We could still possibly find ways to improve the experience for people who are using virtual file systems like Docker. However I would want to see a better theory that explains why the performance is bad and why it's actionable on our part. We can't help you find those answers. For example, I'm not convinced that using C stdio rather than C++ stdio is itself in any way different. An example of something that would possibly convince me, would be like, "if we use this stride obtained from the statfs() block size then we see optimal i/o behavior" or "if we have a second thread prefaulting pages".
Another thing that would convince me is if you showed me a perf record
profiling report showing, "here we see my glibc version of libstdc++ has a bug where it spends all its time chewing up CPU rather than actually doing I/O therefore we should just use C stdio." But until that happens, I can't merge a change like this.
@jart I'd be glad to be of any help with debugging mmap
for WIN32. What's needed right now is to clone mmap
branch, (try to) compile it using MSVC and see if there are any bugs in there, is that right? And where do I report my findings? #91?
I will also try to do some investigation with regards to loading performance inside docker.
@oKatanaaa The branch is already in the repo. Just git pull origin
and git checkout mmap
.
You can report in #91. You can also send a pull request that targets the mmap branch.
I have created my own library that implements mmap using mingw32 that makes this project maintainable for windows. It is possible to compile the program using library from https://github.com/CoderRC/libmingw32_extended, make changes like in https://github.com/ggerganov/llama.cpp/pull/564 and the specific make command below: make LDFLAGS='-D_POSIX_MAPPED_FILES -lmingw32_extended'
There is no need to use a separate library to replace C++ fstreams with C file streams, as C file streams work perfectly in Windows too. You are conflating two things in the comments now, which are using mmap()
, which is non-portable and requires an external library or polyfill, while the PR is about using fopen()
and fread()
, both of which are portable and do not require any additions.
@oKatanaaa do you still want to move forward on this PR? I'm still not convinced that c++ stl vs. c stdio is going to make a measurable difference, unless our goal was to convert the c++ code to c. Our mmap() work on the other hand, makes weights load 10x faster for me on Windows now. And 100x faster on Linux.

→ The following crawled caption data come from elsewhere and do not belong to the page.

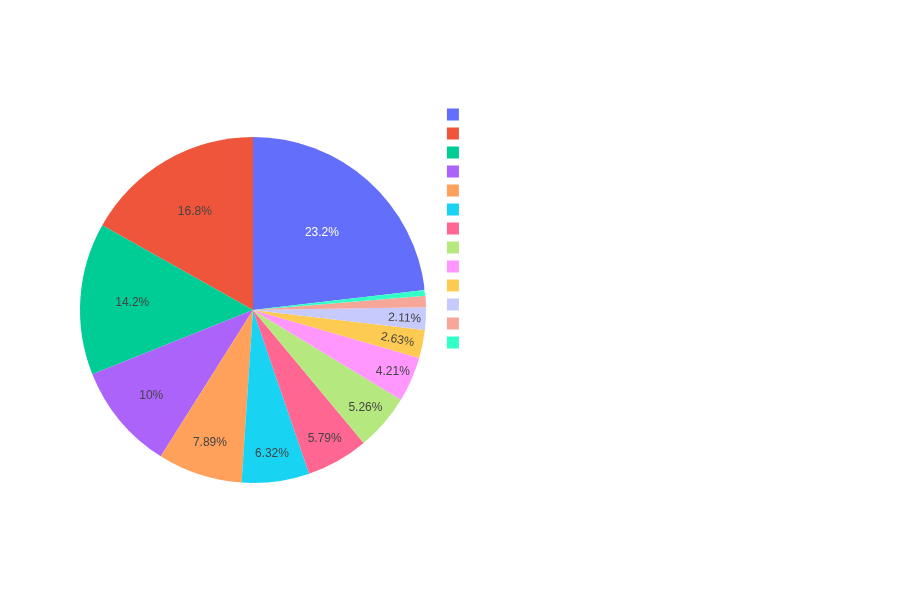 Druid Build Distribution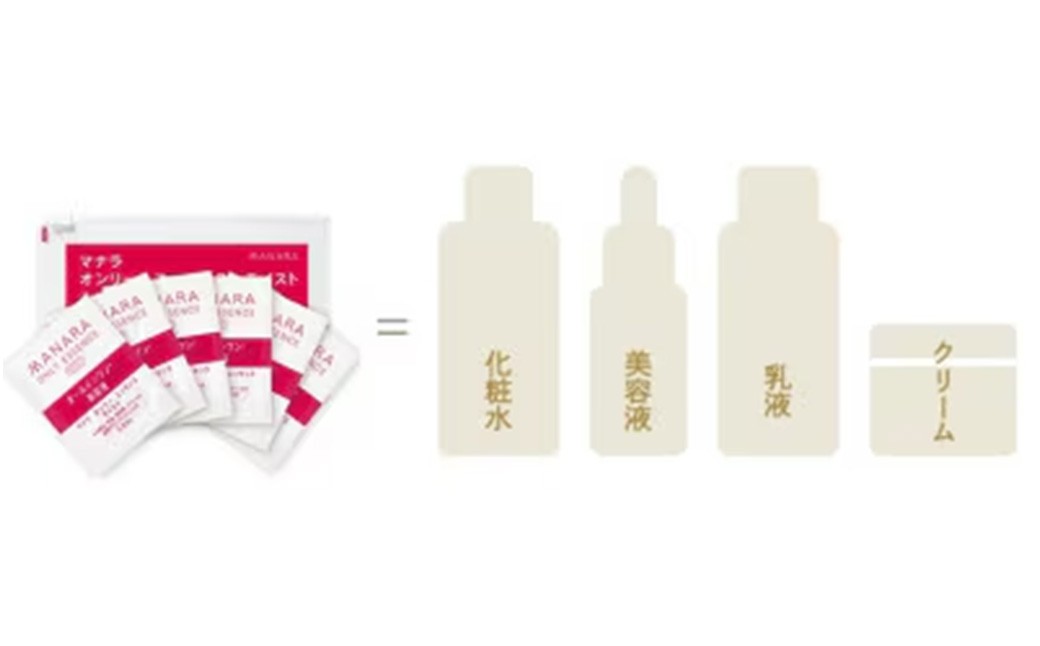 マナラ＜オンリーエッセンス ノーマル 使い切り6包＞（オールインワン美容液）0.8mL×6包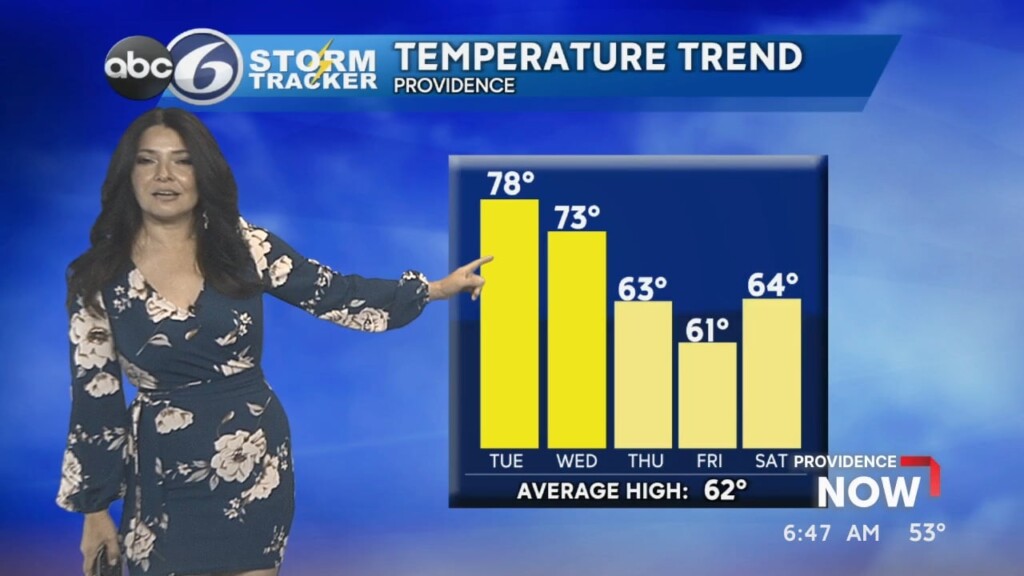 Tuesday Morning Forecast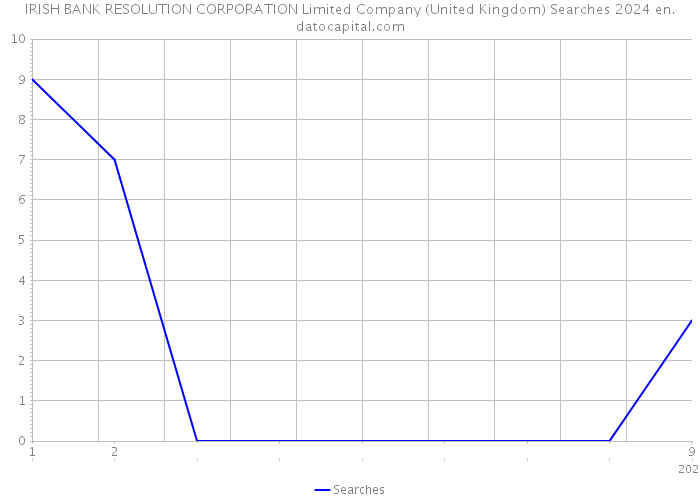 IRISH BANK RESOLUTION CORPORATION Limited Company (United Kingdom) Searches 2024 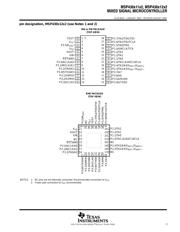 MSP430F1232IPWR datasheet pdf 3 page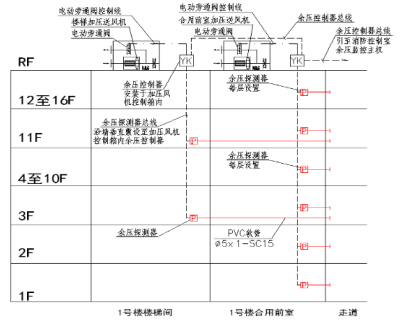 尊龙凯时(中国)人生就是搏!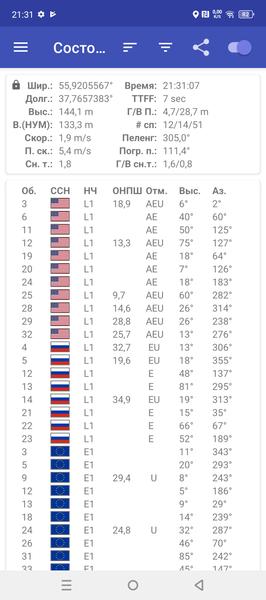 Смартфон Infinix Hot 50 Pro:, фото 70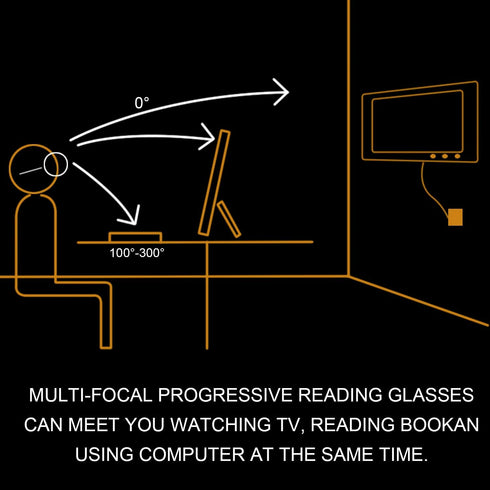 Progressive Multifocus Computer Reading Glasses - Blue Light Blocking Readers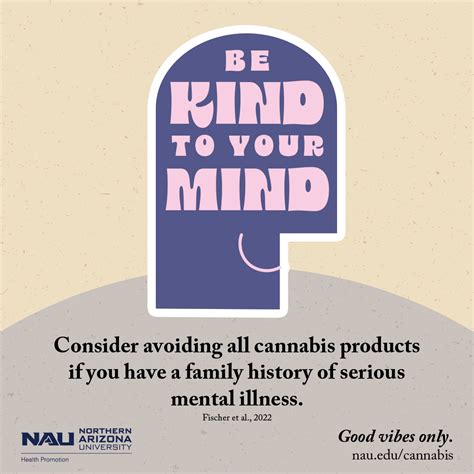 Cannabis Information | Campus Health Services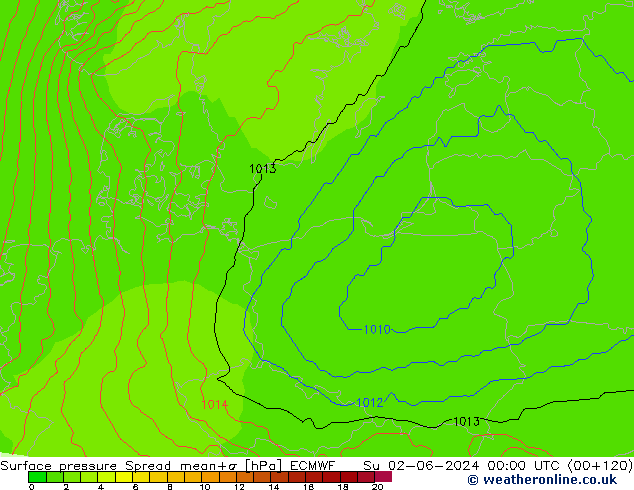 pressão do solo Spread ECMWF Dom 02.06.2024 00 UTC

@anzz1 I looked at @CoderRC's project and it looks pretty good and it's unfair to say mmap() isn't portable because it's standardized by the IEEE. You'll also be happy to hear we now have our own working WIN32 mmap() polyfill, in our mmap
branch: https://github.com/ggerganov/llama.cpp/blob/mmap/mmap.c Me and @oKatanaaa spent the past few weeks building that. As I mentioned in my earlier comment, it's going to help make loading larger models with multi-dimensional tensors (e.g. 13B) about 10x to 100x faster, in terms of wall time. It doesn't require any libraries or dependencies. You're encouraged to take a look at the code and share your feedback!
@oKatanaaa do you still want to move forward on this PR? I'm still not convinced that c++ stl vs. c stdio is going to make a measurable difference, unless our goal was to convert the c++ code to c. Our mmap() work on the other hand, makes weights load 10x faster for me on Windows now. And 100x faster on Linux.
I still want to tinker with the code a bit and find the reasons of slow loading inside docker on win, but I am focusing on other things at the moment, so we can close the PR. I'll try to do some research regarding this problem once I have some time. If I find anything I'll make a new PR with new fixes.